What we done want is a situation where Morecambe Bay repeats itself through Shrewsbury, through Nottingham, through East Kent, and no one learns anything from it. By coming out and saying this, and pushing it forward, you’re helping to ensure that that doesn’t happen. So I’m grateful to you. I think you on behalf of PHSO, but also our listeners.
We’ll reflect on it, and we’ll invite you back to more discussions to show you what we’ve learned, and how we plan to apply it. So, thank you. How would you sum up what you’ve got from this?
Derek Richford: I think that overall it’s been an enormous learning, very, very sharp learning curve as well, for me to learn about everything that’s gone on. In a strange way, there are levels of satisfaction. We have made a difference.
In Harry’s year, there were 21 neonatal deaths. Last year there were 7. That drop suddenly happened after Harry’s inquest. So I am happy that we have made a difference and that people are now taking this seriously. I think that maternity is now very much on the agenda for every part of the NHS. And so it should be.
I guess I’d like to finish, if you like, by giving the coroner’s ruling from 24 January 2020 when Harry’s inquest was concluded. And that will be enough for me, thank you.

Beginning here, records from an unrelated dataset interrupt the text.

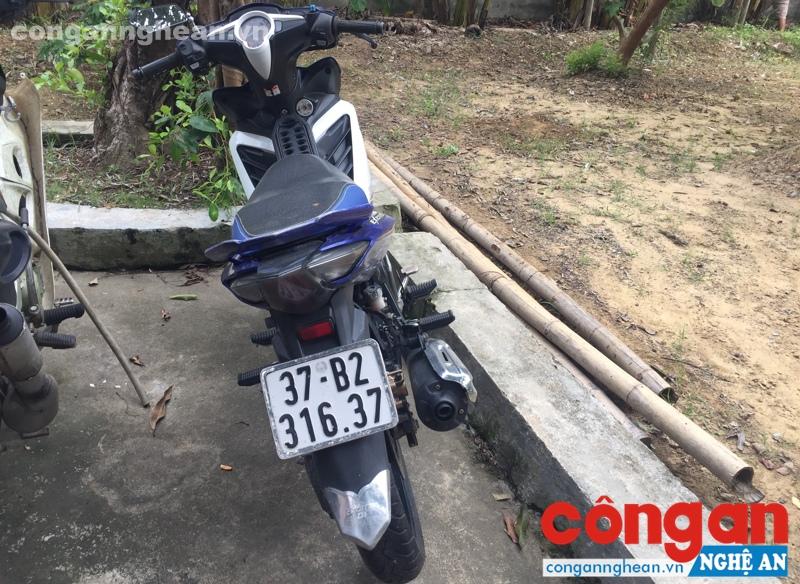 Chiếc xe mang BKS giả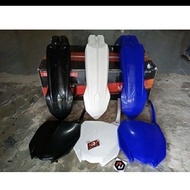 PACKAGE 2 ITEMS YZ 450 FRONT FENDER YZ 450 NUMBER COVER YZ450 PACKAGE 2 ITEMS FRONT FENDER YZF 450 N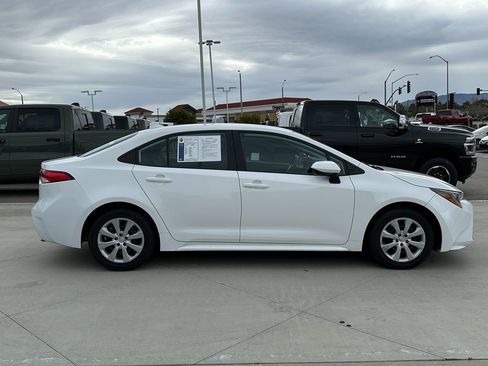 Used 2022 Toyota Corolla LE image 8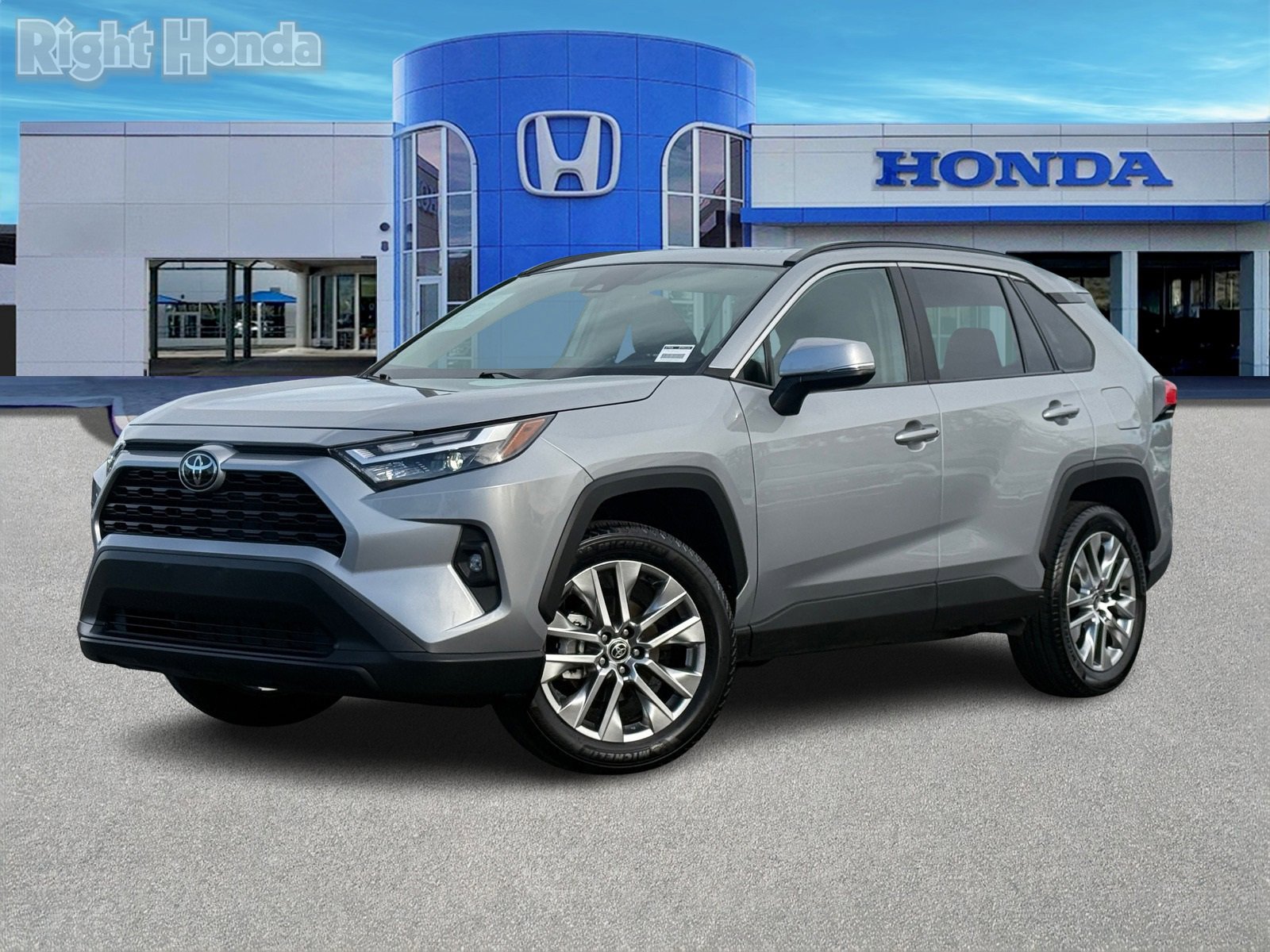 Used 2025 Toyota RAV4 XLE Premium image 2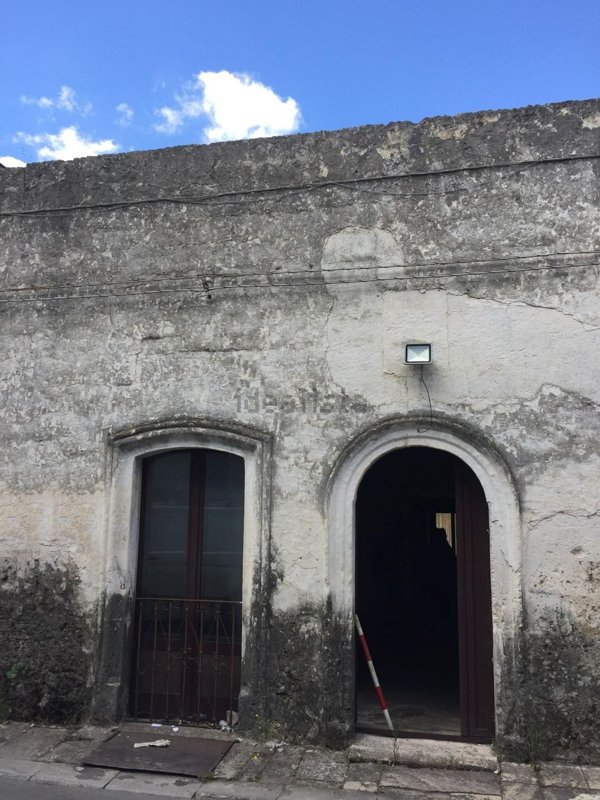 casa indipendente in vendita a Sava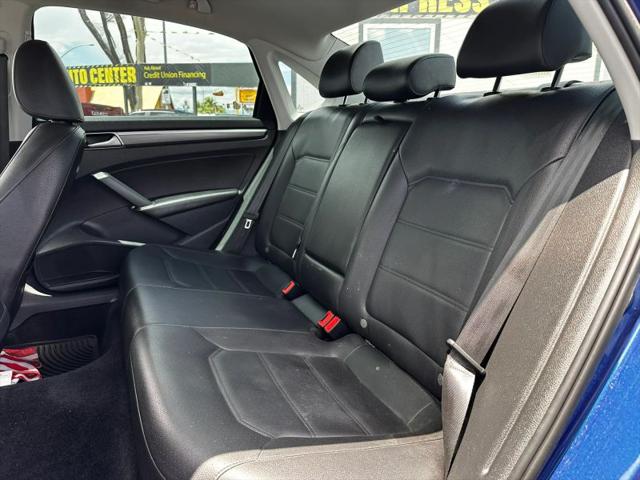 2016 Volkswagen Passat 1.8T R-Line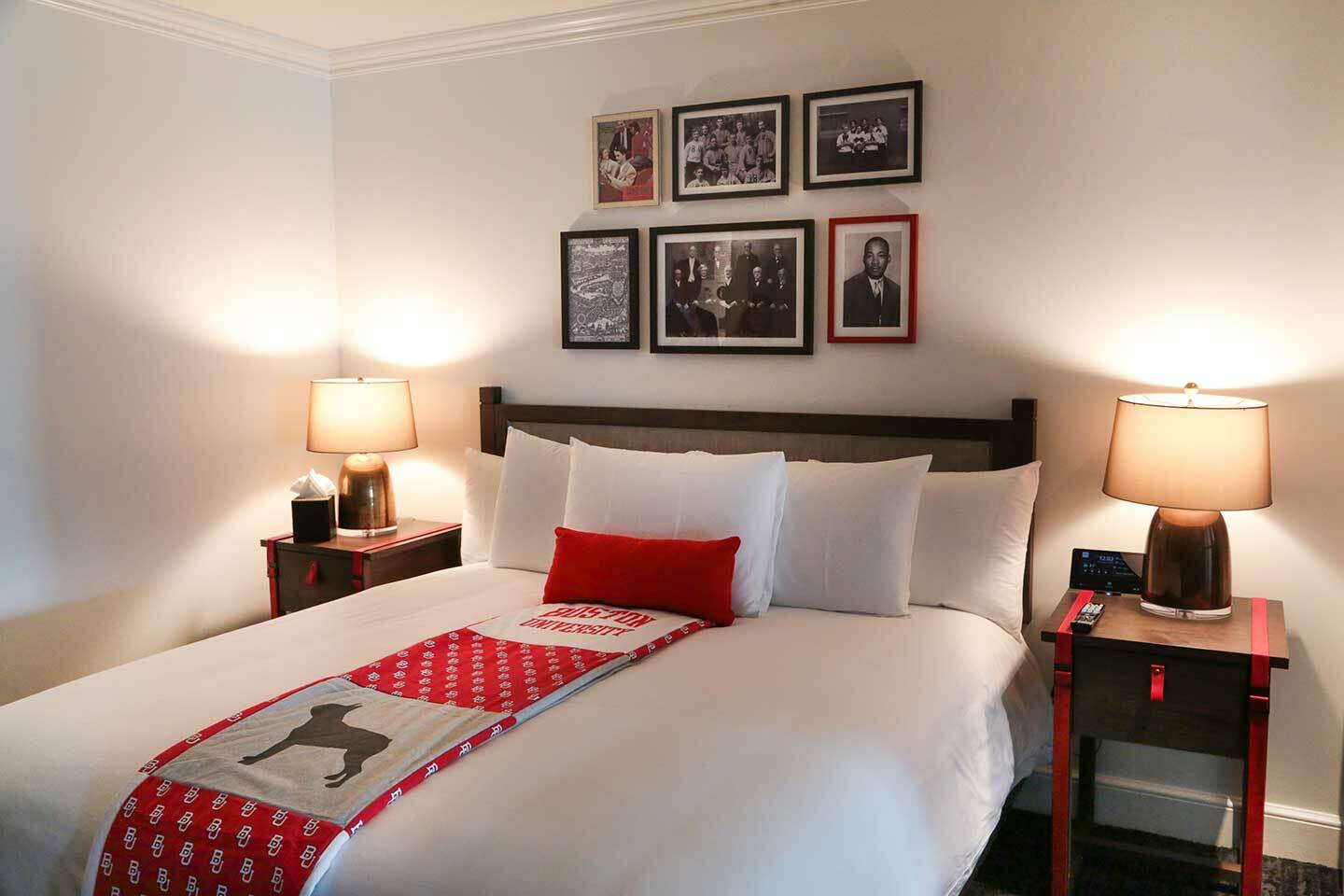 Hotel Commonwealth Бостън Екстериор снимка A room at the Hotel Vermont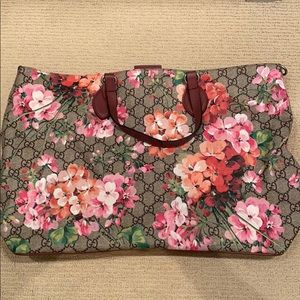 Beautiful floral Gucci - Authentic.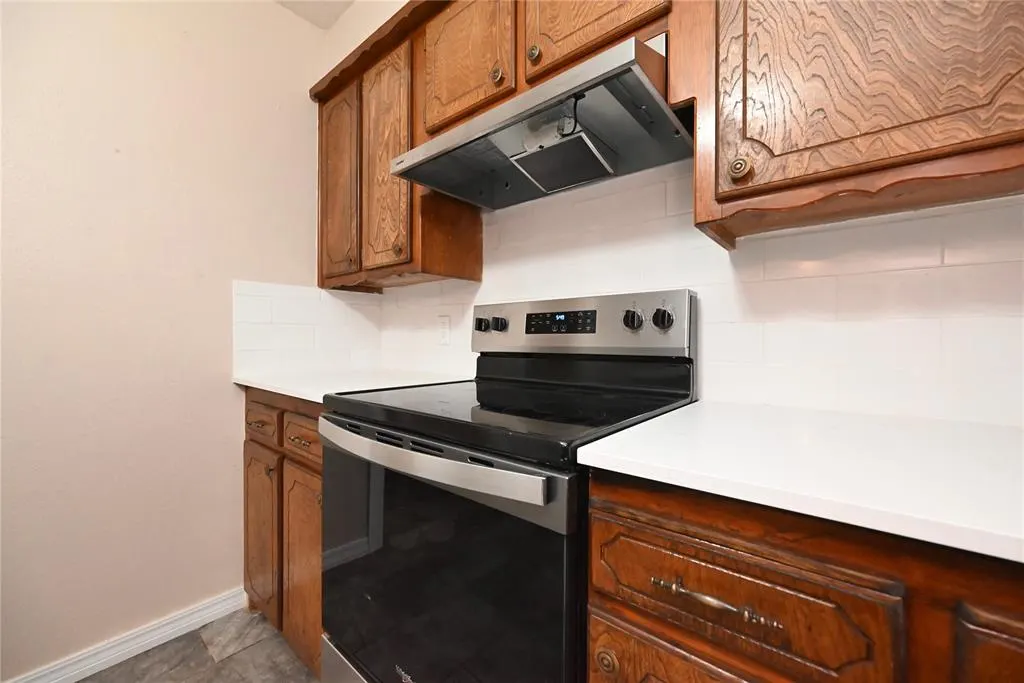 Photo 19 — 107 Glenwood Drive, Chickasha, OK 73018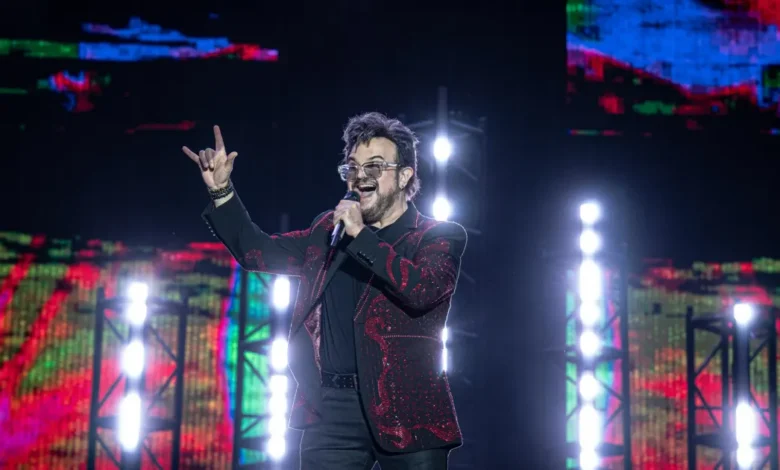 aleks syntek responde a críticas tras concierto por el grito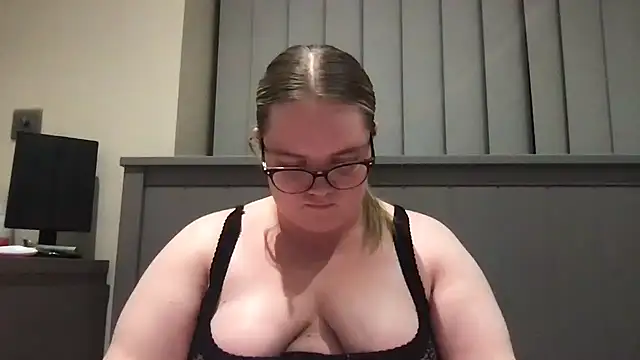honeyyy24 online show from June 16, 9:16 pm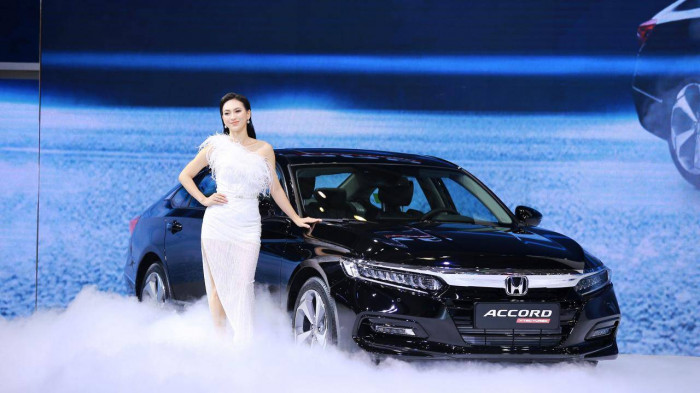 Toyota Camry ‘xưng vương’ sedan toàn cầu, vượt mặt Honda Accord, Tesla Model cực ngoạn mục ảnh 2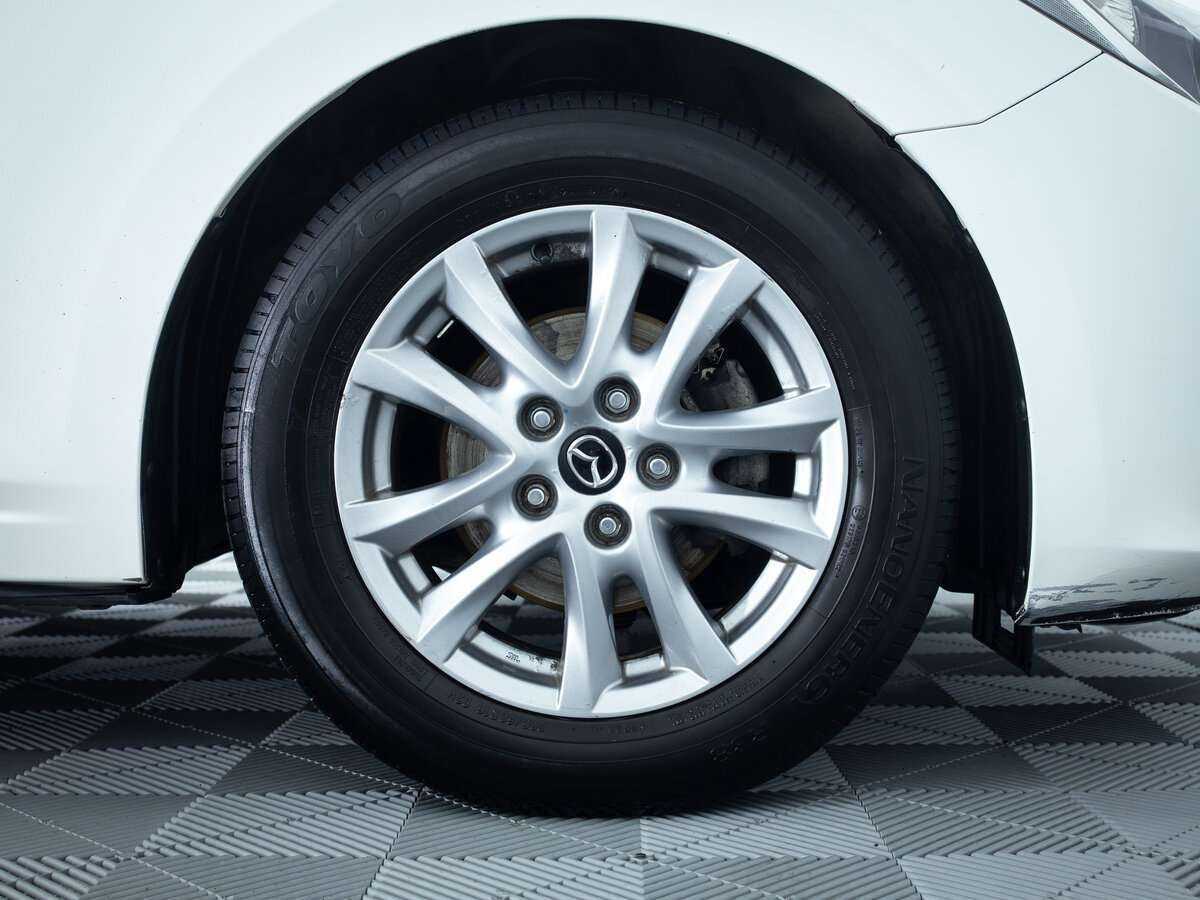 Mazda 3 2014 года с пробегом. Фото: #9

Harry was hyper-stimulated by an excessive use of syntocinon over a period of approximately 10 hours. Once the CTG reading had become pathological by 2:00am, Harry should have been delivered within 30 minutes, and not the 92 minutes that was actually happening.
The delivery itself was a difficult one. It should have been carried out by the consultant, who should have attended considerably earlier than she did.
The locum on duty that night was relatively inexperienced. He was not properly assessed and should not have been put in the position of being in charge unsupervised.
There was a failure to secure an airway and achieve effective ventilation during the resuscitation attempts after birth, leading to a prolonged period of postnatal hypoxia. The resuscitation afforded to Harry Richford failed to be of an appropriate standard.
There was a failure in not requesting the consultant support early enough during the resuscitation attempts. There was a failure to keep proper account of the time elapsing during the resuscitation attempts with the effect that control was lost.
Harry Richford’s death was contributed to by neglect.
Rob Behrens: Derek, thank you very much indeed on behalf of all our listeners. This is Rob Behrens signing off from Radio Ombudsman.